Why are distributed systems complex?
You might have already seen what's the commonality to the six reasons I outlined. The reason why distributed systems are complex is what makes them distributed in the first place: the network.
While the network is reliable most of the time (especially within one data center) it sometimes fails and when it doesn't fail, we don't have any guarantees about how long it's going to take to deliver and process a message. Without these guarantees, we can't know for certain if a request was:
delivered and processed,
delivered but not processed, or
not delivered at all.
Our systems have to be able to operate within this uncertain environment and tolerate failures in the different components that make the system.
Because the network can fail or add too much latency to the request-response cycle we have to decide how the system behaves in those cases: do we favor consistency of the data, or do we favor responding to customer requests at all times (high availability) and fixing consistency later? In other words, do we favor consistency or fast responses?
So, no more distributed systems, right?
At this point, I might have convinced you that the non-distributed application used in the example is a better choice and that we should throw away our microservices and client-server applications.
After all, I believe I've made some very good points as to why non-distributed applications are simpler to build, maintain, and understand — and why distributed systems are complex to build, complex to understand, and can fail in complex ways.
However, we wouldn't get very far if we built only standalone applications. Yes, they would be better in some aspects, but they would also be less powerful and we would be limited in how feature-rich they could be.
For example, without distributed systems, there wouldn't be Contentful, or Contentful itself wouldn’t be able to scale as it does to sustain our growth using a microservices architecture.
Why we should learn how to build a distributed system
Now it’s time to make a confession. I picked a provocative title for this post to get your attention and I apologize for it. The real title should have been, "Why we should learn how to build distributed systems."
We are so used to distributed systems (mainly client-server) that we are oblivious to the problems outlined here. However, these problems are not going away or going to get any easier to solve in the future, so instead, we should understand them well enough to make the right trade-offs and pick the right solutions when building them.
Distributed systems are a necessary tool but they are more complex than what they might initially seem. Knowing and understanding where the complexity originates is the first step to being able to make the right trade-offs and design choices. If you liked this topic and would like to know more about building reliable distributed systems, stay tuned, because I'll be writing more about it, starting with how to build reliable distributed systems.

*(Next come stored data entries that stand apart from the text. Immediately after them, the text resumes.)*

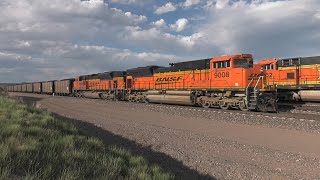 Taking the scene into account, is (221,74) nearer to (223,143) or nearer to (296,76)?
(296,76)

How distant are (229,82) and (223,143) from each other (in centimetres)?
1094

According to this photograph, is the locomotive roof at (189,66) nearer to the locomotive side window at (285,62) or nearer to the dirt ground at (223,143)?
the locomotive side window at (285,62)

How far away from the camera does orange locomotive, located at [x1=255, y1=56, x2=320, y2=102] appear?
75.7ft

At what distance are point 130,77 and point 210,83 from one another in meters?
13.8

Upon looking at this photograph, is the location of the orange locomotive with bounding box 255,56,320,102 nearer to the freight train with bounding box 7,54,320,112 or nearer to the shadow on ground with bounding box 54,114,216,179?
the freight train with bounding box 7,54,320,112

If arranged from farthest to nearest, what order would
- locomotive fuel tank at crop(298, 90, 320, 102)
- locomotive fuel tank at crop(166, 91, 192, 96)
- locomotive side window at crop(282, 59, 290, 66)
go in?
locomotive fuel tank at crop(166, 91, 192, 96), locomotive side window at crop(282, 59, 290, 66), locomotive fuel tank at crop(298, 90, 320, 102)

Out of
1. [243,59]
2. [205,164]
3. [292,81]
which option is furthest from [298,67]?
[205,164]

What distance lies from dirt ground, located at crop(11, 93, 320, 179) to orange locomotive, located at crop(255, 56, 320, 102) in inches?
299

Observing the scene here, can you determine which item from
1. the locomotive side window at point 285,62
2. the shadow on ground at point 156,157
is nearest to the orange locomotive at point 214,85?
the locomotive side window at point 285,62

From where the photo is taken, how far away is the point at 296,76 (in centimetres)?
2456

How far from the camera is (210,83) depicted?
23.6 m

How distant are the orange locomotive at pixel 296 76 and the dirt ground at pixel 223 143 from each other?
25.0 feet

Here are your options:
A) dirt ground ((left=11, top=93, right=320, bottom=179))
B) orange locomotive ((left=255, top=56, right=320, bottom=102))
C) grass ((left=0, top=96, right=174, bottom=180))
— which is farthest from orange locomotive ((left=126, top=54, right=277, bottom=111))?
grass ((left=0, top=96, right=174, bottom=180))

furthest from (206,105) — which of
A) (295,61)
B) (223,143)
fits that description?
(223,143) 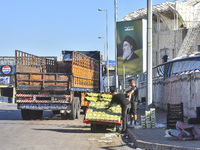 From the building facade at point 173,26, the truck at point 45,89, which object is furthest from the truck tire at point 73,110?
the building facade at point 173,26

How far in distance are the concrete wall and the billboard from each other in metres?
8.03

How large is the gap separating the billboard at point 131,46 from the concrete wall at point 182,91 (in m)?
8.03

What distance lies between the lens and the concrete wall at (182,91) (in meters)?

If you want to know more about why distributed systems are complex, I recommend that you learn more about the following:
Network models: These models represent abstractions that designers use when building distributed systems and algorithms. There are three models: `asynchronous`, `synchronous` and `partially asynchronous`.
Failure models: Similar to the network models, these represent abstractions about how systems can fail.
Message delivery guarantees: You may have come across terms like `at-most-once`, `at-least-once` and `exactly-once`. They refer to the guarantees a system offers with regard to message delivery over the network. There's controversy whether `exactly-once` is possible or not (other sources for not and not).
FLP impossibility: This research has been one of most relevant and influential in the distributed systems space. It basically says that in an asynchronous network, we can't have a deterministic consensus algorithm. This doesn't mean that we can't build such algorithms but it help designers understand which limitations exist and which tradeoffs are available.
CAP theorem: Most likely you have heard about the CAP theorem. However, you not know that its author wrote in 2012 that designers should not be limited by the constraints it imposes. Almost at the same time the PACELC theorem was proposed as an extension to the CAP theorem, going further into what trade-offs exists when building distributed systems.